Assignment:
Using the records that follow, reproduce exactly the lines starting at the line containing "Christmas Puzzles for" and ending at the line containing "Vitamin Nature Zweifarbige Tasse". Include both end lines and no pictures.

Material for the task:

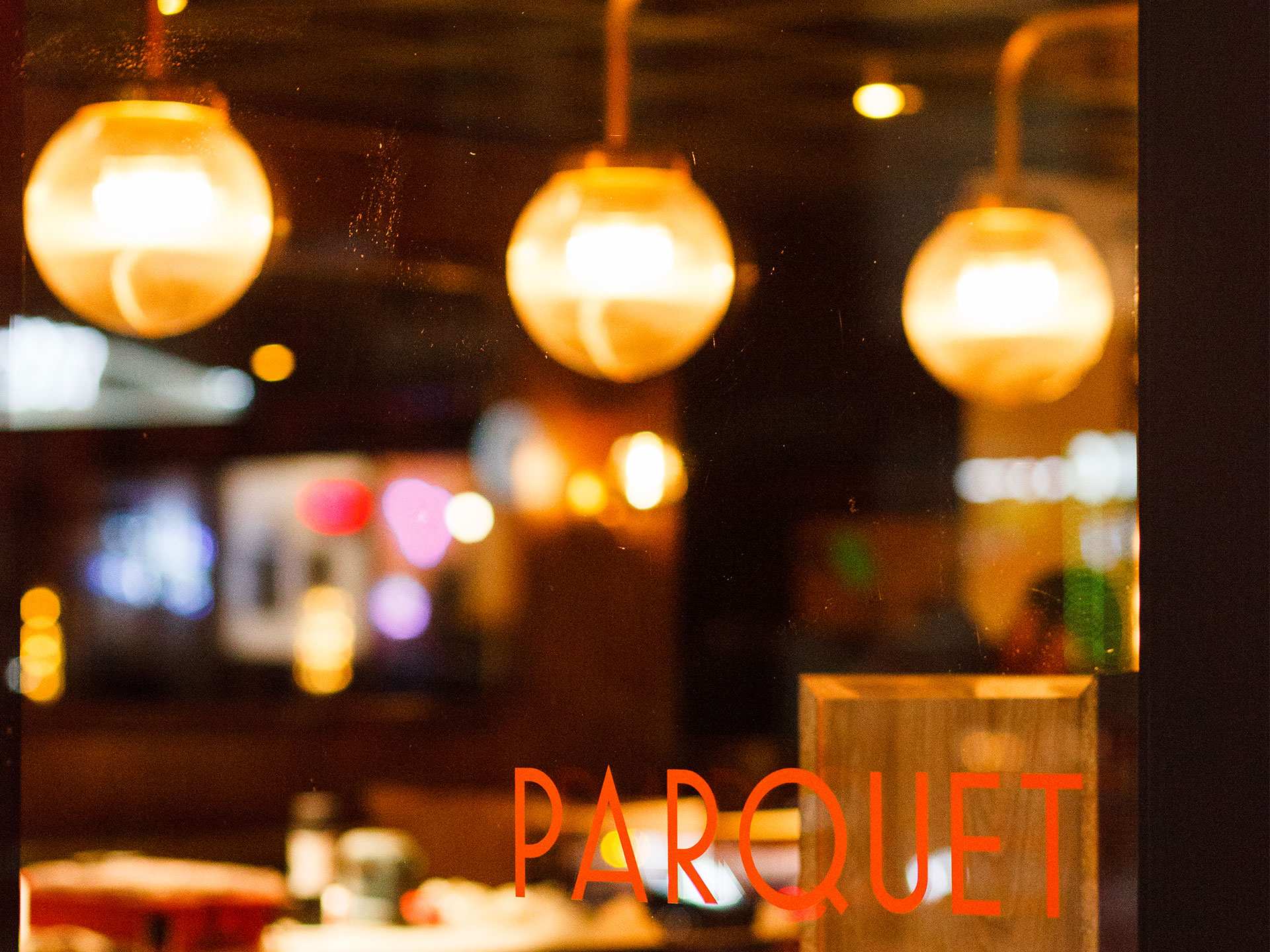 Romantic restaurants in Toronto | The front window at Parquet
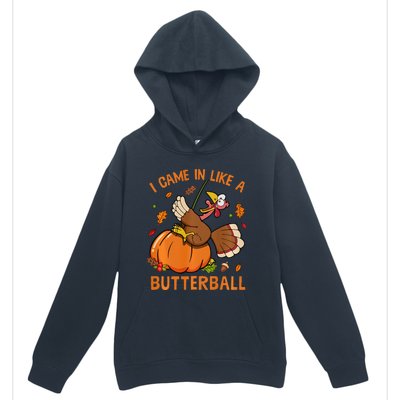 I Came In Like Butterball Funny Thanksgiving Turkey Costume Long Sleeve Urban Pullover Hoodie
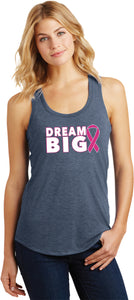 Ladies Breast Cancer Awareness Tank Top Dream Big Racerback - Yoga Clothing for You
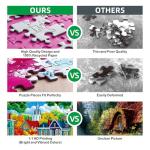 Christmas Puzzles for Adults 1000 Pieces Winter Train Town Jigsaw Puzzles for Adult Puzzles 1000 Pieces with Letters on Back Challenging Holiday Family Puzzle Gifts for Women Men Seniors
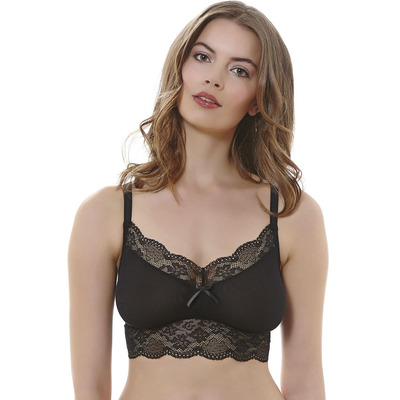 Freya Fancies Bralette Top - Black - XS - 8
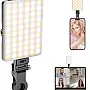 TONEOF Portable Selfie Light,Rechargable 60 LED Phone Light with Clip & Double 1/4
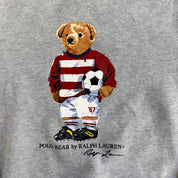Vintage Youth Polo RL Soccer Bear Graphic Crewneck - Youth L (14-16)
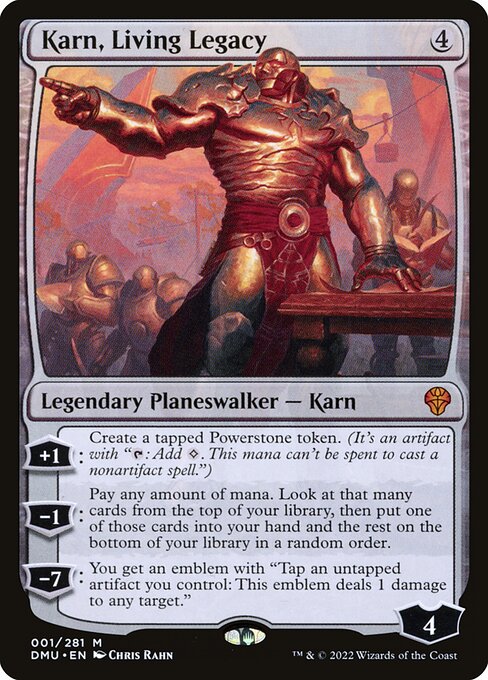 [Foil] DMU 001 Karn, Living Legacy M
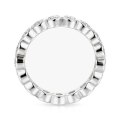 Orbella - Bezel-Set Moissanit Eternity Ring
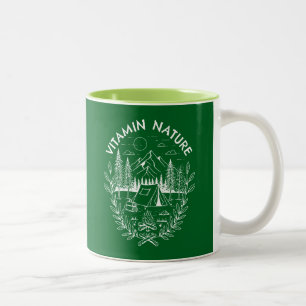 Vitamin Nature Zweifarbige Tasse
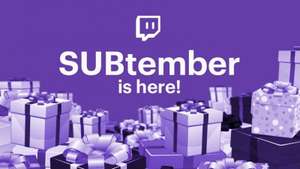 Ritorna il SubTember Twitch: sconti sugli abbonamenti da 1 | 3 | 6 mesi!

Task response:
 Christmas Puzzles for Adults 1000 Pieces Winter Train Town Jigsaw Puzzles for Adult Puzzles 1000 Pieces with Letters on Back Challenging Holiday Family Puzzle Gifts for Women Men Seniors
 Freya Fancies Bralette Top - Black - XS - 8
 TONEOF Portable Selfie Light,Rechargable 60 LED Phone Light with Clip & Double 1/4
Vintage Youth Polo RL Soccer Bear Graphic Crewneck - Youth L (14-16)
 [Foil] DMU 001 Karn, Living Legacy M
 Orbella - Bezel-Set Moissanit Eternity Ring
 Vitamin Nature Zweifarbige Tasse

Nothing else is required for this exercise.